▶ **REQUIREMENT**
The answer is the line containing "Kantoor te huur in Sint-Denijs-Westrem" plus every line after it to the end of the material, retyped exactly and without the pictures.

▶ **DATA LISTING**

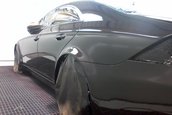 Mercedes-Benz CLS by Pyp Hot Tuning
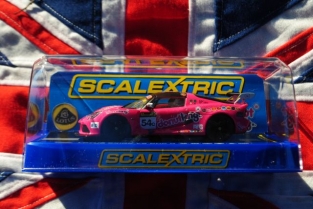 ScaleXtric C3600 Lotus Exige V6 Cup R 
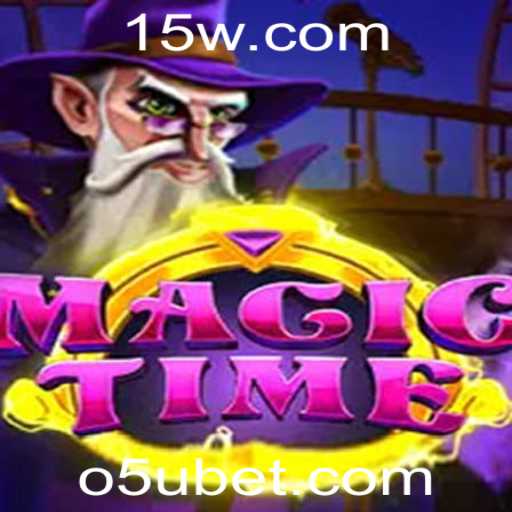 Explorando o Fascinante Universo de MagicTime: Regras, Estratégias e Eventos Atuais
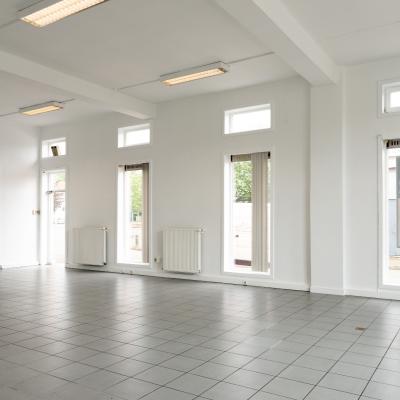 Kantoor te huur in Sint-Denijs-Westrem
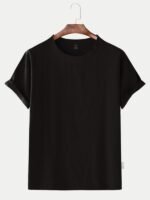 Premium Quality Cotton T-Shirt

▶ **SOLVED EXERCISE**
 Kantoor te huur in Sint-Denijs-Westrem
 Premium Quality Cotton T-Shirt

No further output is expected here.